It’s probably the most important speech ever given at Gogebic Community College. One of the Federal Reserve’s presumed hawks, Minneapolis Fed President Narayana Kocherlakota, revealed an extremely dovish side in a speech on Sept. 20 at the Ironwood, Mich., school.
Kocherlakota, who was viewed as fearing inflation more than unemployment, had been saying until now that the Fed might need to start raising interest rates as soon as this year to keep the economy from overheating. But at Gogebic, he said that the fight against high unemployment might require the central bank to keep inflation close to zero for four years. He said that as long as inflation doesn’t go above 2.25 percent, the Fed “should keep the fed funds rate extraordinarily low until the unemployment rate has fallen below 5.5 percent.”
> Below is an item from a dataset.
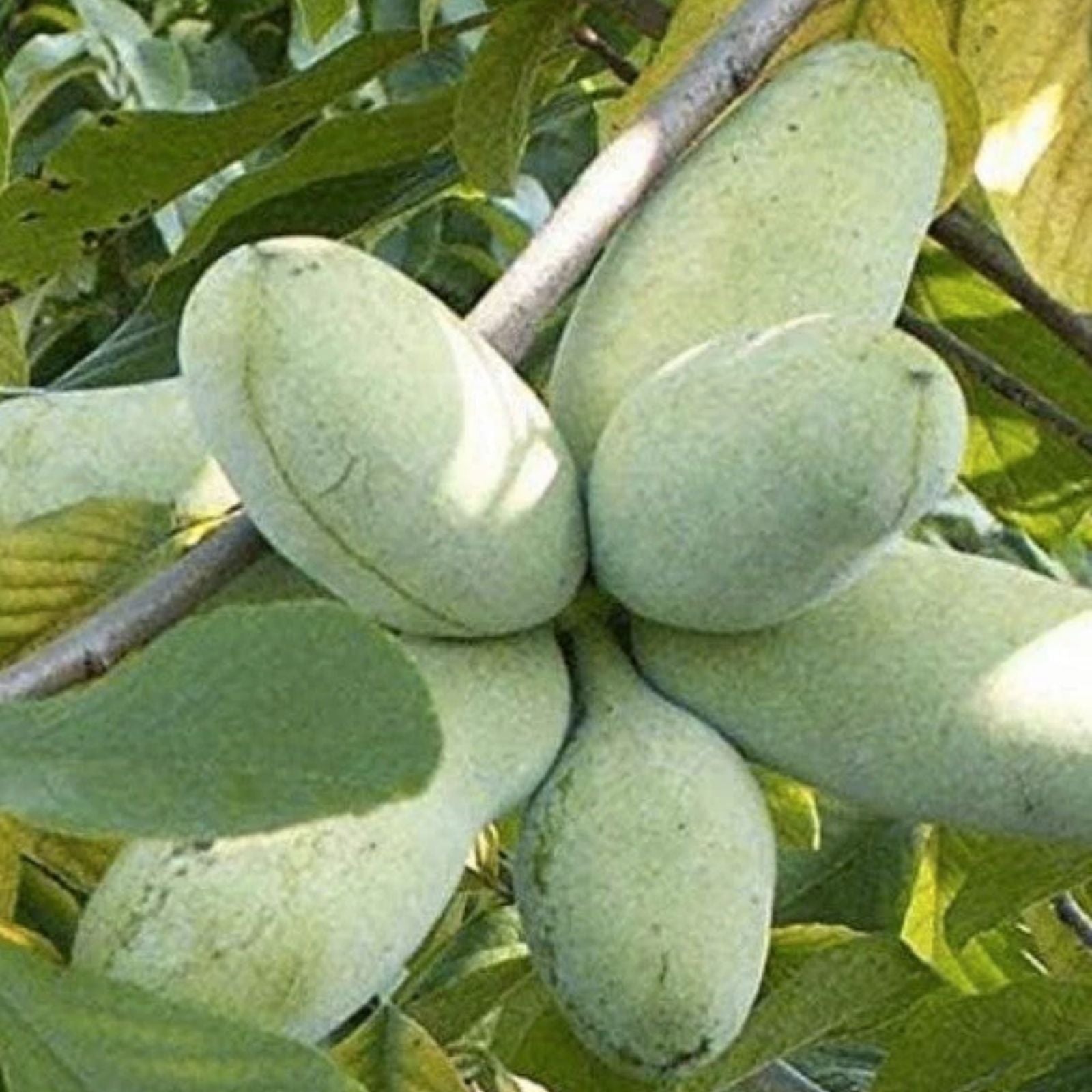 Paw Paw Tree Seeds 5 Pack - Edible Fruit Planting Kit - Asimina triloba - Bonsai Gardening Supplies - Fast Shipping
Why does this matter? Two reasons. First, it increases the odds that the Federal Reserve will keep monetary conditions extremely easy for several years to come. Kocherlakota won’t be a voting member of the Federal Open Market Committee until 2014, but he participates in discussions at rate-setting meetings. His newfound dovishness will shift the center of gravity toward the doves—an important factor for Federal Reserve Chairman Ben Bernanke, who tries to operate with as much consensus as possible.
The second reason is subtler but in some ways more interesting. It’s the gratifying revelation that real thinking and real learning go on inside the Federal Open Market Committee. Kocherlakota is a smart man who entered Princeton University at age 15 and went on to earn a PhD in economics from the University of Chicago. But he’s not afraid to pay attention and learn from others.
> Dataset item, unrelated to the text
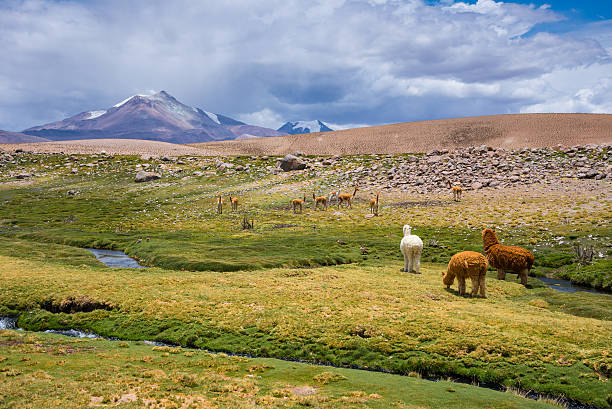 istock Vicunas and alpacas grazing, Las Vicunas National Reserve (Chile) 522631412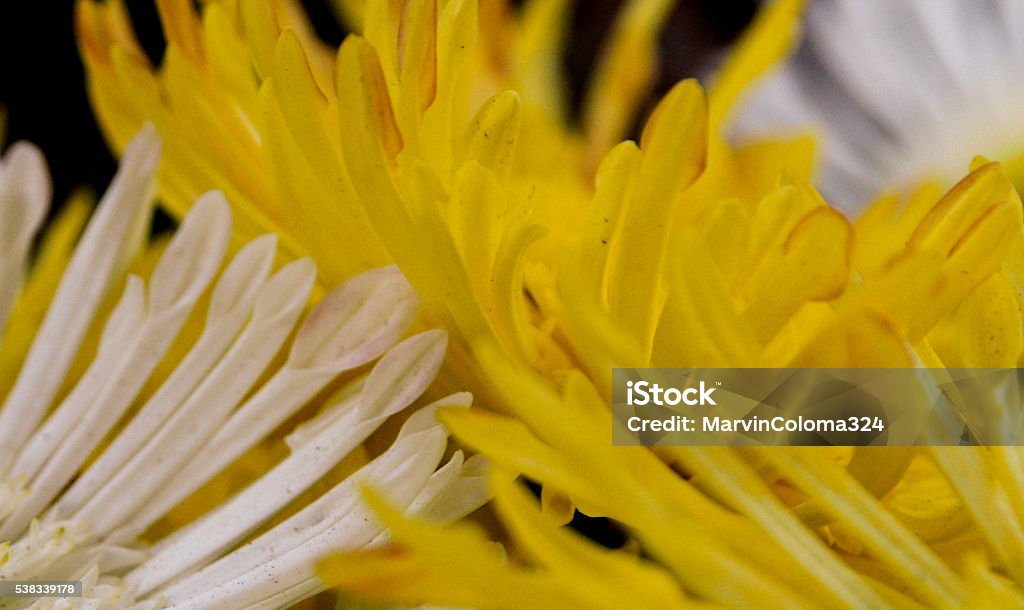 Flower Lovers Two flowers with different colors kept touching each others Colors Stock Photo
In his prepared remarks for the Gogebic speech, Kocherlakota said his new thinking had been “greatly influenced” by Chicago Fed President Charles Evans, who has emerged as the most notable dove among the 12 regional Fed presidents. Said Kocherlakota: “This is perhaps hardly surprising, since he sits next to me at every FOMC meeting.”
Kocherlakota went on to say, according to his prepared remarks: “My building on President Evans’s creative proposal in this fashion is, I think, indicative of how the Federal Open Market Committee operates. The making of monetary policy under Chairman Ben Bernanke’s leadership is a distinctly collaborative process. Obviously, we don’t always agree with one another. It would be surprising if we did in such unusual economic conditions. But we learn continually from each other’s points of view. In that way, I believe that we can start to make progress on the challenging economic problems we face.”
Whether you’re a dove or a hawk, it’s nice to see evidence of genuine give-and-take going on in these deliberations. The fate of the U.S. economy hangs in part on what the FOMC decides.